Op 4 november 2020 heeft de Rechtbank Rotterdam uitspraak gedaan in een strafzaak tegen een verdachte die beschuldigd werd van een overval op een garagebedrijf in Rotterdam op 8 mei 2020. De verdachte, die ten tijde van het onderzoek preventief gedetineerd was, werd bijgestaan door zijn raadsvrouw, mr. E.M. van den Oudenaller. De officier van justitie, mr. E.M. Loppé, eiste een gevangenisstraf van 36 maanden en de tenuitvoerlegging van een eerder opgelegde voorwaardelijke jeugddetentie. De rechtbank heeft het onderzoek op de terechtzitting op 21 oktober 2020 gehouden.
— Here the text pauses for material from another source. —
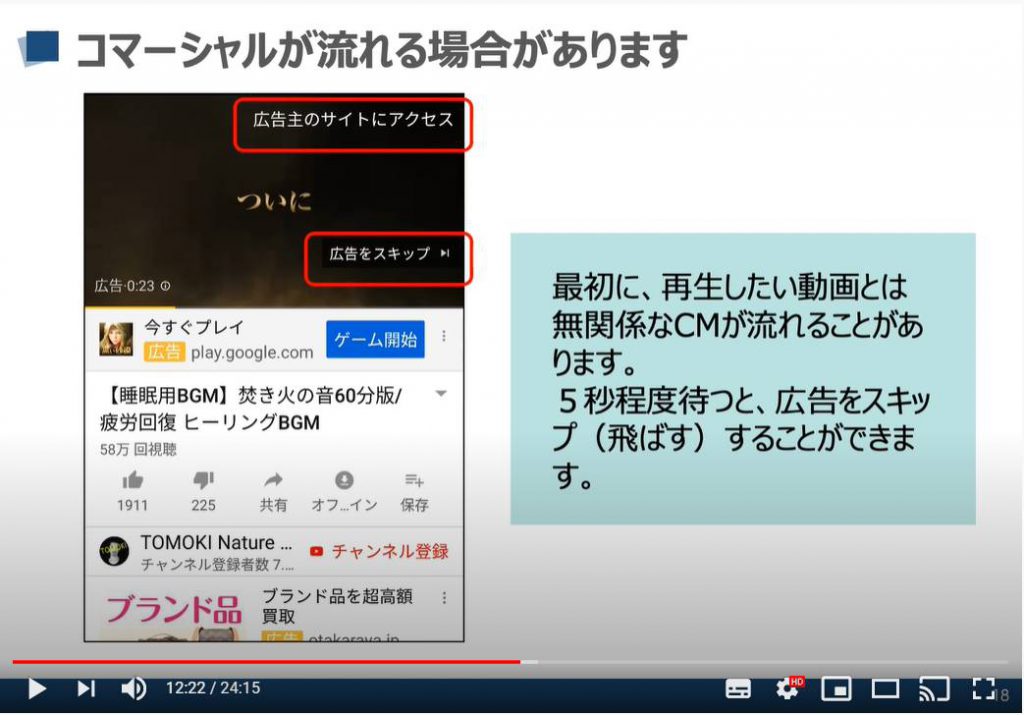 YouTube（ユーチューブ）の動画再生（コマーシャルについて）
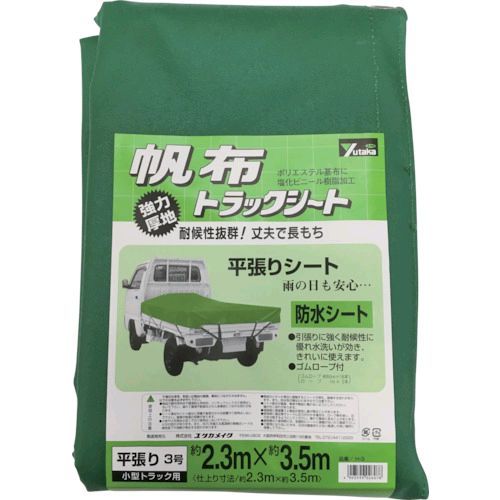 【即納在庫品】「直送」ユタカメイク YHS3 シート トラックシート帆布 ３号 ２３０×３５０ｃｍ 帆布トラックシート YUTAKA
De tenlastelegging betrof een gewapende overval waarbij de verdachte zou hebben deelgenomen, gekleed met een clownsmasker en gewapend met een vuurwapen. De rechtbank heeft echter vastgesteld dat er onvoldoende wettig en overtuigend bewijs was om de verdachte als een van de daders aan te wijzen. De rechtbank heeft onder andere gekeken naar DNA-bewijs dat op het clownsmasker en de handschoenen was aangetroffen, maar kon niet uitsluiten dat een andere persoon deze voorwerpen had gedragen of verstopt. De verdachte had verklaard dat hij op zoek was naar persoonlijke spullen voor een vriend, wat niet als volstrekt onaannemelijk werd beschouwd.
Uiteindelijk heeft de rechtbank de verdachte vrijgesproken van de tenlastegelegde feiten, omdat er onvoldoende bewijs was om hem met zekerheid aan de overval te koppelen. Tevens werd de vordering tot tenuitvoerlegging van de voorwaardelijke jeugddetentie afgewezen, aangezien de verdachte niet schuldig was bevonden aan de overval. De rechtbank heeft het bevel tot voorlopige hechtenis opgeheven en de uitspraak werd gedaan door een meervoudige kamer van de rechtbank.